Faktanya, jumlah penonton film Sore per 25 Juli ini mencapai 1,8 juta penonton dan mengungguli film Superman garapan James Gunn yang tayang pada pekan yang sama dengan jumlah 1,3 juta penonton.
Apakah layak menjadi film terbaik?
Ketua Komite Film Dewan Kesenian Jakarta (DKJ), Sugar Nadia Azier, justru berfokus pada konsep fiksi sains yang ditawarkan.
Meski eksekusinya segar dan berani mengambil zona tidak nyaman di tengah gempuran horor dan drama, logika ilmiah dari konsep perjalanan waktu Sore tak terjabarkan.
Ia menyebutkan sejumlah film seperti Interstellar (2014) dan Kimi no Na wa (2016) memiliki kaitan dengan fisika kuantum ketika dibedah lebih dalam karena pembuatnya juga memahami hal ini.
“Sebagai fiksi aja dapat. Tapi film kan ada logika realismenya juga,” ujar Sugar.
Gagasan perjalanan waktu bukan hal baru dalam dunia film, pengamat isu sosial dari Unika Atmajaya, Okki Sutanto.
Dari tema petualangan seperti Back to The Future (1985), tema konspirasi seperti Inception (2010), tema cinta seperti The Butterfly Effect (2004) dan About Time (2013), hingga dalam semesta sinematik Marvel melalui Dr. Strange dan Loki.
“Semuanya berakhir serupa, tidak ada yang bisa melawan waktu. Jika berhasil melawan kuasanya, ada harga yang harus dibayar,” ujar Okki.
Sumber gambar, Dokumen Cerita Films
Sugar yang aktif menjadi film programmer sejumlah festival menyebut film ini memang unggul secara eksperimentasi dan teknis. Akan tetapi, menurutnya, logika cerita dan sebagian pemeranan belum memenuhi.
Pada 2024, film yang disutradarai Yandy Laurens yaitu Jatuh Cinta Seperti di Film-film (2023) menang sebagai film terbaik di Festival Film Indonesia.
Film pendek buatannya berjudul Wan An yang masuk dalam antologi 21 Short Film (2012) juga memperoleh Piala Citra sebagai yang terbaik.
Yandy sendiri juga memperoleh dua Piala Citra untuk kategori Penulis Skenario Adaptasi Terbaik 2019 untuk Keluarga Cemara (2019) dan Penulis Skenario Asli Terbaik 2024 untuk Jatuh Cinta Seperti di Film-film.
Sebagai barometer pencapaian tertinggi perfilman Indonesia tiap tahun, Sugar mengatakan penilaian mencakup segi teknis dan estetika. Cara menilainya pun bisa per bidang untuk tiap kategori teknis atau secara keseluruhan khusus film terbaik.

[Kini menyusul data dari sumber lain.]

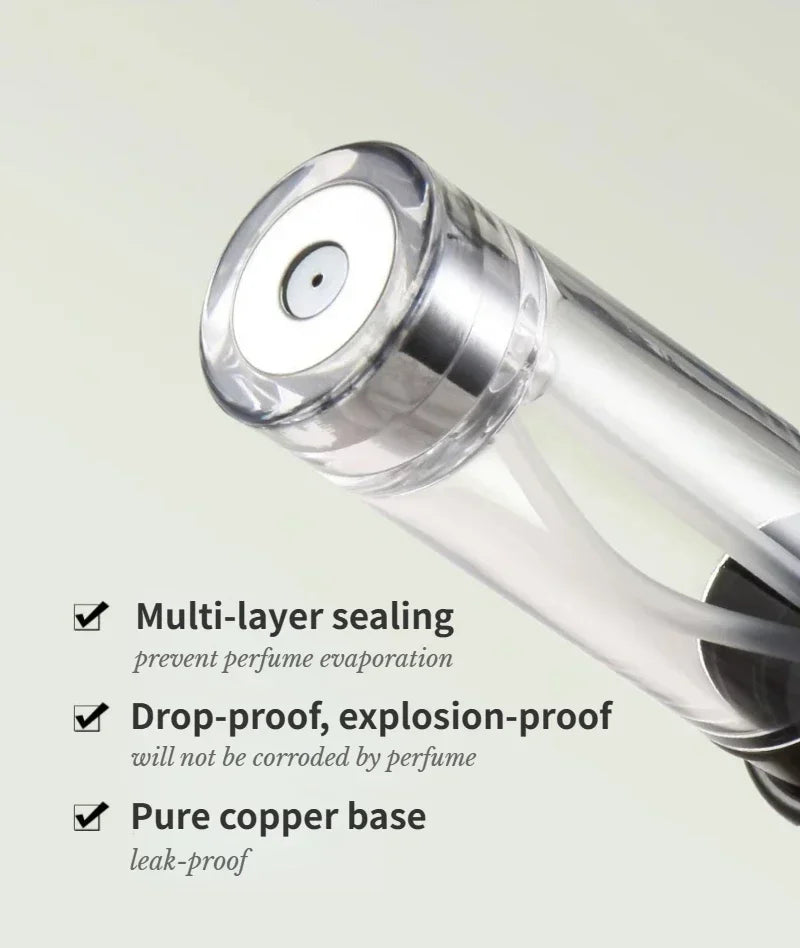 10/ml Perfume Bottle Refillable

“Untuk film terbaik ini, semua unsur secara konteks sosial budaya, inovasinya, nilai kebaruan, pencapaian teknis, hingga dampak terhadap ekosistem film juga layak dipertimbangkan,” ucap Sugar.
Sumber gambar, Dokumen Cerita Films
Sebagai pecinta film, Mingky Herati menyatakan tiga film terakhir ditontonnya di bioskop adalah film Indonesia semua: Pengepungan di Bukit Duri, GJLS: Ibuku Ibu-ibu, dan Sore: Istri dari Masa Depan.

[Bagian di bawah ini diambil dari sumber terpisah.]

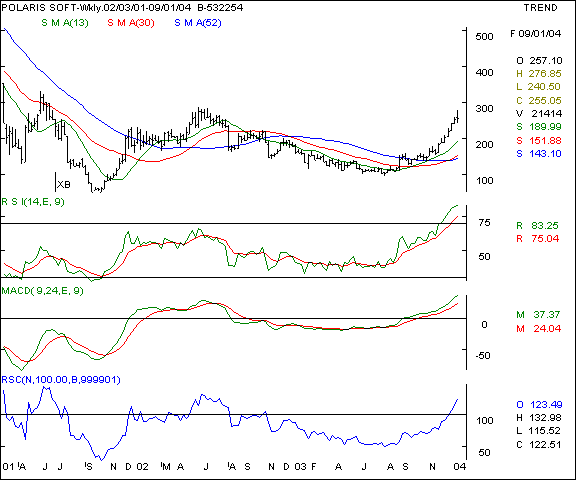 Polaris Software - Weekly chart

“Tiga-tiganya beda genre, dan menurutku sama-sama punya kualitas yang patut diapresiasi. Tapi kalau harus milih yang paling stand out, Sore juaranya sih,” ujar Mingky.
“Dari segi cerita yang emosional tapi enggak lebay, sinematografi yang rapi, scoring musik yang ngena banget, apalagi pas Barasuara masuk, sampai akting pemain-pemainnya yang natural dan kuat. Film ini terasa banget kayak ‘paket lengkap’.”
Okki juga menganggap film ini layak sebagai salah satu film terbaik tahun ini.
Tika Primandari yang bekerja di salah satu kantor media sosial juga berpendapat serupa.
“Seminggu setelah nonton masih keingatan dan tiap dengar Barasuara langsung keingat spesifik scene. Kalau ada film yang bisa begitu impactnya kan berarti bagus ya.”